____ Records for this task

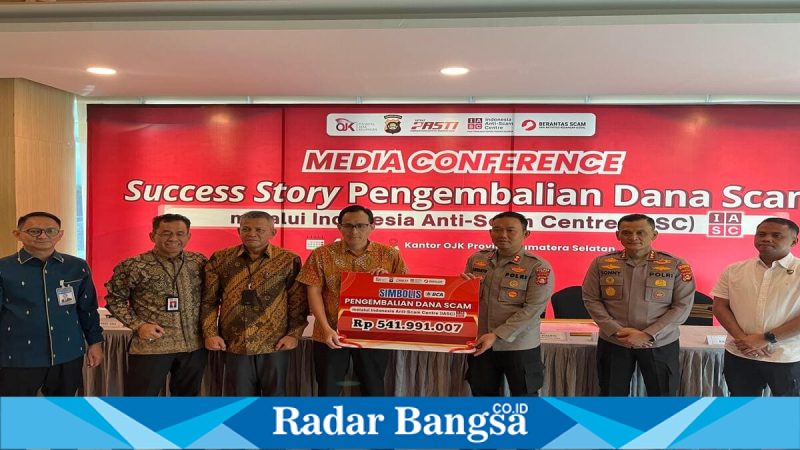 Kapolres Lahat AKBP Novi Edyanto menerima penghargaan dari OJK dan BCA di Lahat, Rabu (4/3/2026). (Foto Dok Ho/RadarBangsa.co.id)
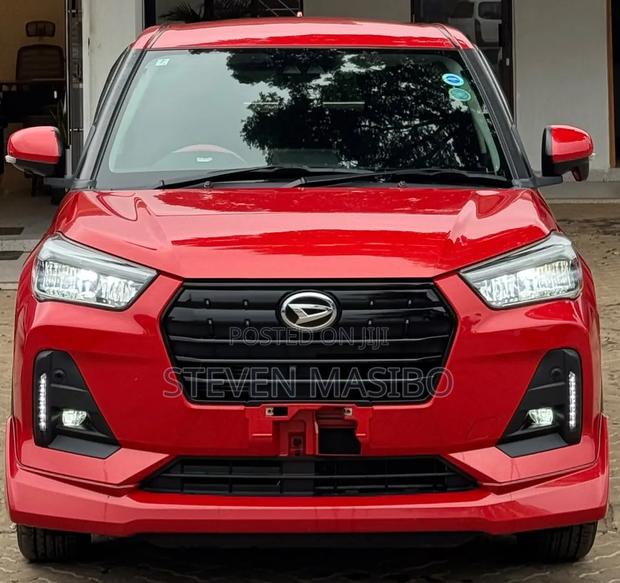 Daihatsu Rocky 2020 Red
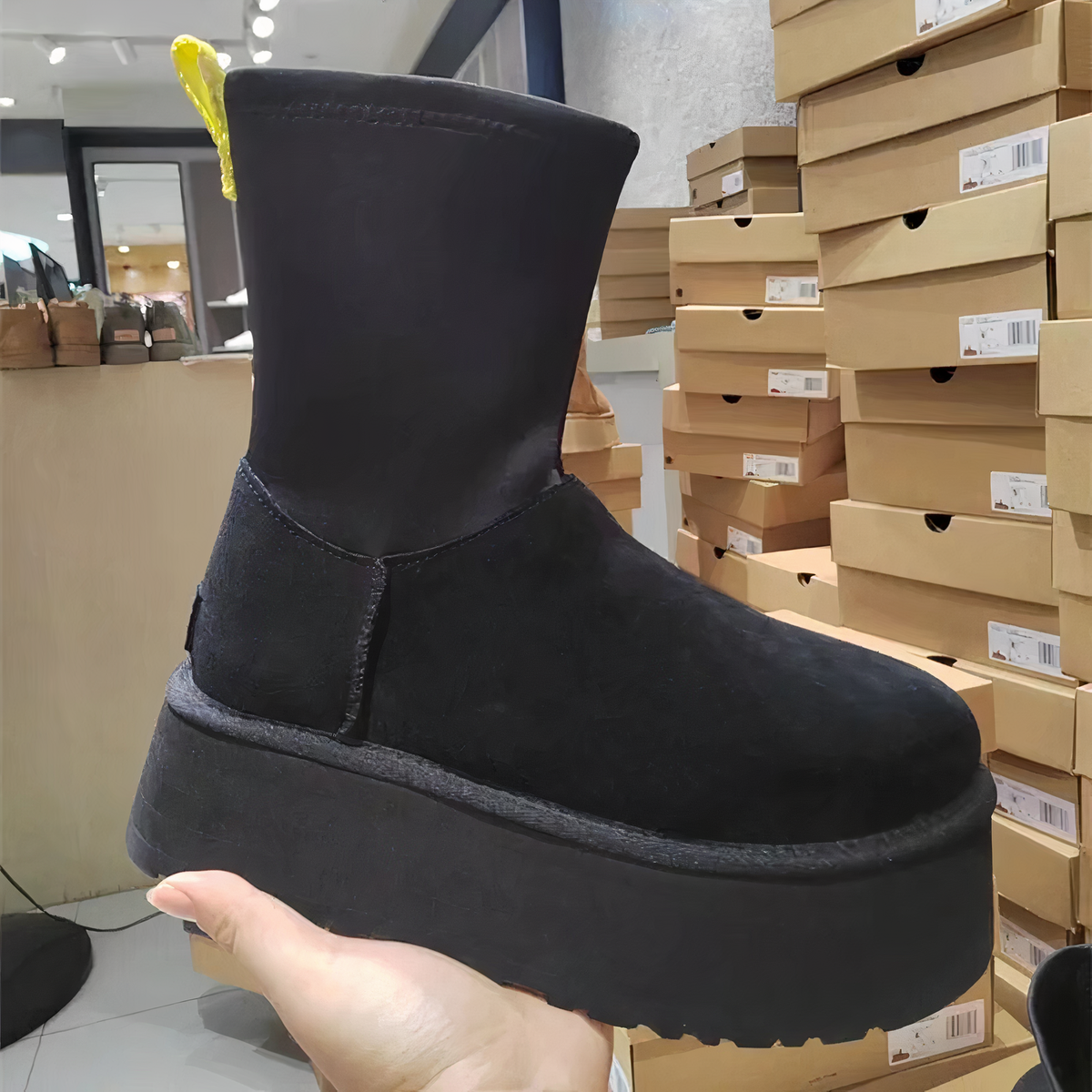 Women's Boots with Smooth Shaft and Side Zipper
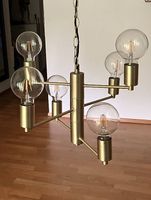Hängelampe mit 6 Glühbirnen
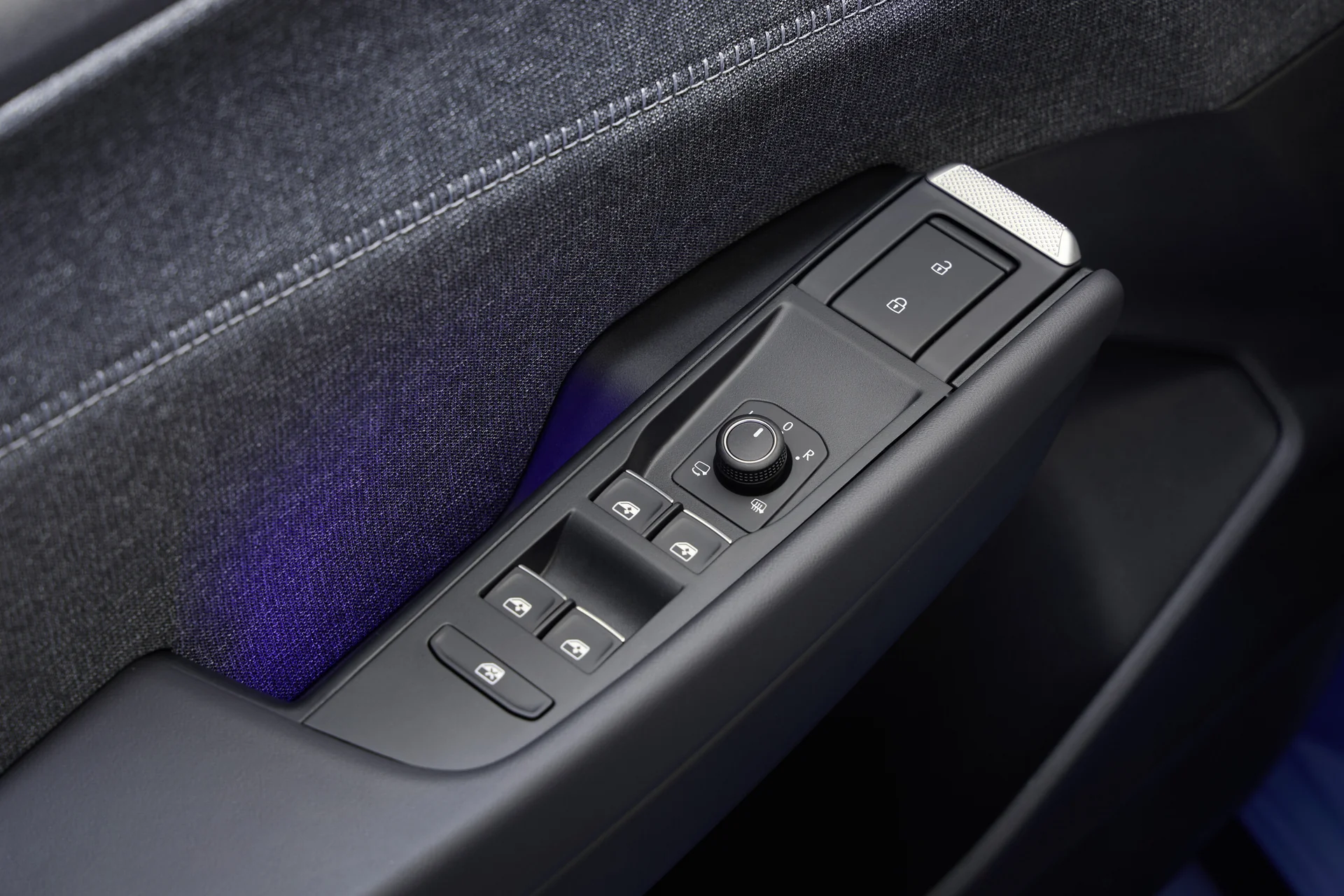 Volkswagen ID. Cross – midterkonsol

________

Brief> Pictures do not belong in the copy. Please reproduce the entries above exactly otherwise.

Answer below>
 Kapolres Lahat AKBP Novi Edyanto menerima penghargaan dari OJK dan BCA di Lahat, Rabu (4/3/2026). (Foto Dok Ho/RadarBangsa.co.id)
 Daihatsu Rocky 2020 Red
 Women's Boots with Smooth Shaft and Side Zipper
Hängelampe mit 6 Glühbirnen
 Volkswagen ID. Cross – midterkonsol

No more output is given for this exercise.